» **Work to be completed**
Skip every picture, and copy exactly the lines from the one containing "a28-engineering-data-mounting-of-bearings-on-shafts.jpg" to the end of the data.

» **Data below**
***

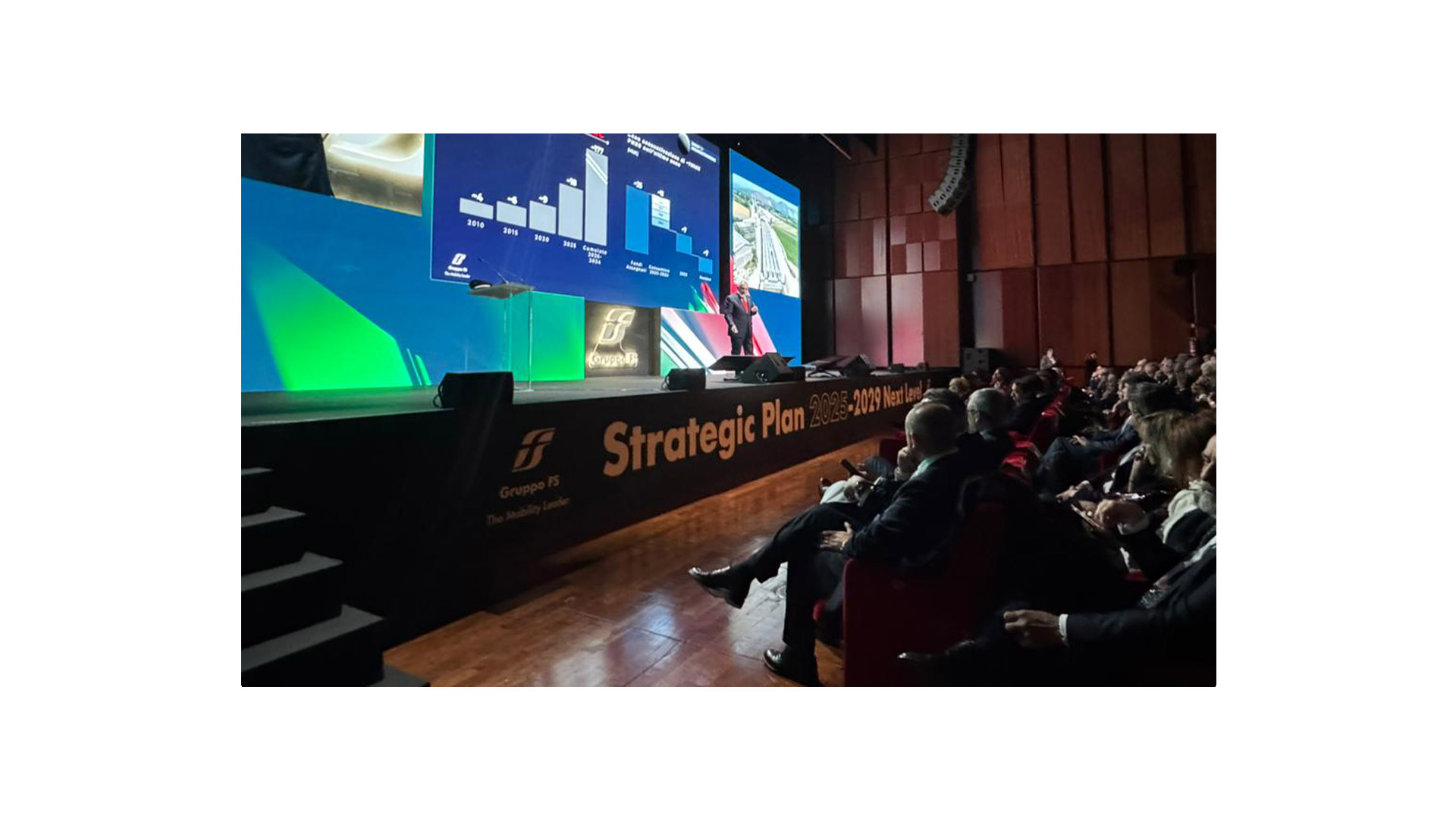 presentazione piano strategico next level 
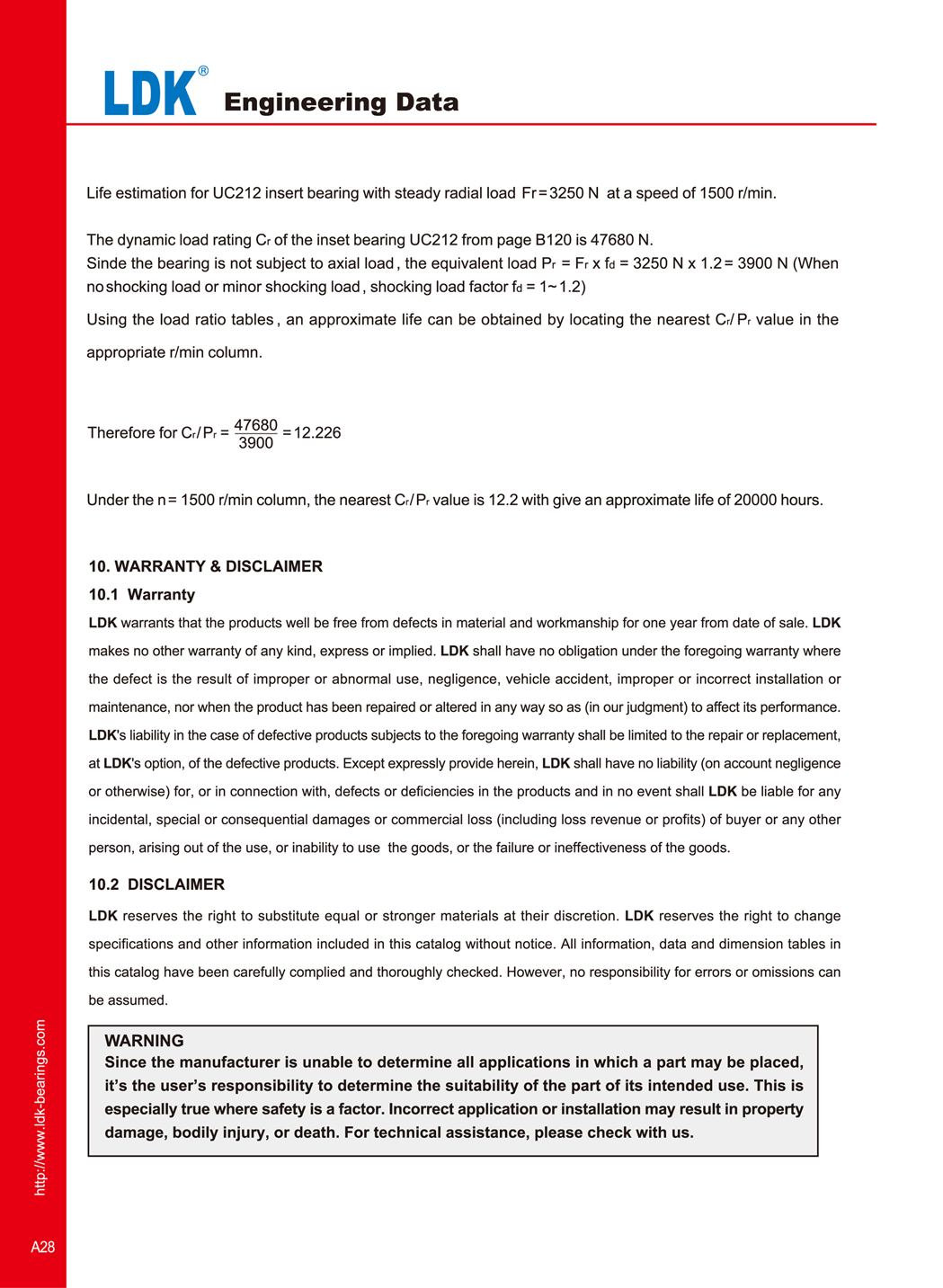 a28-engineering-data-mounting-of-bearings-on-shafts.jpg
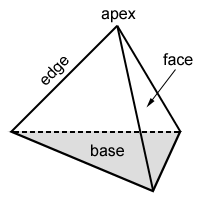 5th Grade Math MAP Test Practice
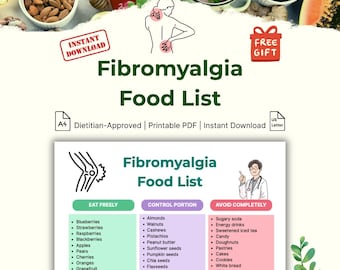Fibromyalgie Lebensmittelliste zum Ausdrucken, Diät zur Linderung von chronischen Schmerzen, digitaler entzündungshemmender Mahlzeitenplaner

***

» **Result of this exercise**
 a28-engineering-data-mounting-of-bearings-on-shafts.jpg
 5th Grade Math MAP Test Practice
Fibromyalgie Lebensmittelliste zum Ausdrucken, Diät zur Linderung von chronischen Schmerzen, digitaler entzündungshemmender Mahlzeitenplaner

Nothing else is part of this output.